Scotiabank’s outgoing CEO, Richard Young, recently made a call for more accountability from local NGOs. A concise reply was published in last week’s Business Guardian by Mr Colin Robinson. In it he makes the general point that government and most businesses see NGOs as “volunteers...begging a bread.” My experience, with over a half dozen NGOs, spanning more than 30 years, is exactly the same. The philosophy of corporate social responsibility (CSR), as pointed out in the UNDP publication of 26 June, 2012: The View from the Boardroom, CEO Study on Corporate Social Responsibility in Trinidad and Tobago, with some key exceptions, remains largely one of theoretical interest. This is unfortunate because without NGOs, civil society in T&T would not be able to survive. The report summarises opinions about CSR from over 50 local CEOS, ranging from large corporations like ANSA McAL, Republic Bank, bpTT and Phoenix Park Gas Processors to smaller entities, Hi-Lo Food Stores, Anthony P Scott, Eastern Credit Union and McCann Erikson and so on.
The first finding was that there was: “Little evidence for a substantive shift towards more strategic forms of CSR: while CSR has undoubtedly become a more familiar feature within the local business community with a high level of acceptance of the idea and concept behind the practice, the commitments made by senior managers towards corporate social engagement remain largely philanthropic in nature.

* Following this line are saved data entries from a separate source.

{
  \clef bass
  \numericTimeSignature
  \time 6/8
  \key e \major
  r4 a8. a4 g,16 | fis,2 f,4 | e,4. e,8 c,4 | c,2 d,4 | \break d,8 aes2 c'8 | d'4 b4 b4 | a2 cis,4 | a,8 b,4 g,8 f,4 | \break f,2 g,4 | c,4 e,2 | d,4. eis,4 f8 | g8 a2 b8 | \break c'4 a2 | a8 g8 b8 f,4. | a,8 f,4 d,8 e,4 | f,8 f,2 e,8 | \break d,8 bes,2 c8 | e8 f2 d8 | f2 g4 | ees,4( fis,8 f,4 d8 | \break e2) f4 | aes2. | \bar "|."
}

More than two-thirds of all respondents name charitable giving and events sponsorship as the areas that their CSR outreach was most reflected in.” The ancient concept of “charity,” as in “give them teddy bears,” is alive and kicking in T&T. If that can be allied with something seen to be pleasant in the eyes of the public, like a fete match in the Oval, complete with dancing girls, sponsorship is a certainty. That’s a reality and our CEOs are not afraid to say so. Some may be proud of themselves. A second major finding was that of a “continuously strong focus on public relations and reputation management as main drivers of CSR: a further indication of the unchanged philanthropic nature of CSR in Trinidad and Tobago (my emphasis) is the fact that an overwhelming 96.8 per cent of all CEOs interviewed for the report named brand, trustworthiness and reputation as being among the most important drivers for their CSR activities. Only 11.4 per cent mentioned increased competitiveness as a motivating factor for their social engagement.”

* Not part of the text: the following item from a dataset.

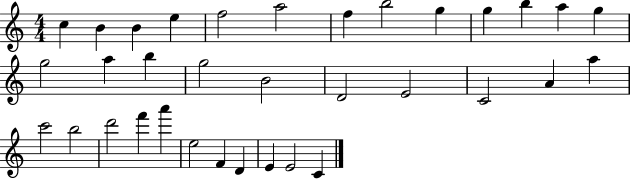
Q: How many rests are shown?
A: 0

Money, though a problem for most NGOs, is not the main one. Mr Robinson puts it best: “Financial reports don’t produce themselves. If we continue the current culture of restricting funding to ‘project costs,’ a grant-making practice that provides NGOs money for neither staffing nor the core business costs of running our organisations, our organisations will fail to find sustainable support for the quality leadership and management that good governance and accountability require.” A prime example of this is the annual audit. Most NGOs are run by volunteers together with a few badly-paid part-time office staff. Every single NGO I have been associated with—and there are some very useful ones doing the work that government should be doing—is years behind in its auditing. You simply cannot get anyone to do your audit for free any more. I support Mr Robinson’s suggestion that a shared accounting facility could be developed and made available to NGOs at low cost. I give the example of one of my NGOs. By dint of hard work, over, the last 35 years, they have made themselves responsible for an aspect of human health in T&T which is recognised by UNICEF and WHO as key for good health and therefore human development. They have a board of directors which is completely voluntary and includes both health professionals and business people.
They have three part-time staff who run, with the assistance of another group of volunteers and two sympathetic doctors, and tri-weekly clinics in three locations in Trinidad (north, east and south), with another to come soon in Tobago. This is in addition to a free daily telephone consultation service for mothers through their network of counsellors. They run a Facebook page and have their own Web site. They attend clinics at the major public hospitals in North Trinidad. They function as consultants to the Ministry of Health at any update, seminar or review of any official position paper in their area of expertise and their printed material is often used by the ministry. In addition they function as the public watchdog for industry mistakes and are continuously in liaison with other similar international agencies. Up to three years ago, they did this with a grant of $5,000 a year from the ministry. Office overhead is $200,000 a year. How they have been able to survive and progress is another story. They are not unique. Almost every NGO in T&T faces the same challenge. Simply calling for more accountability is a cop-out. We need more than teddy bears. We need to partner.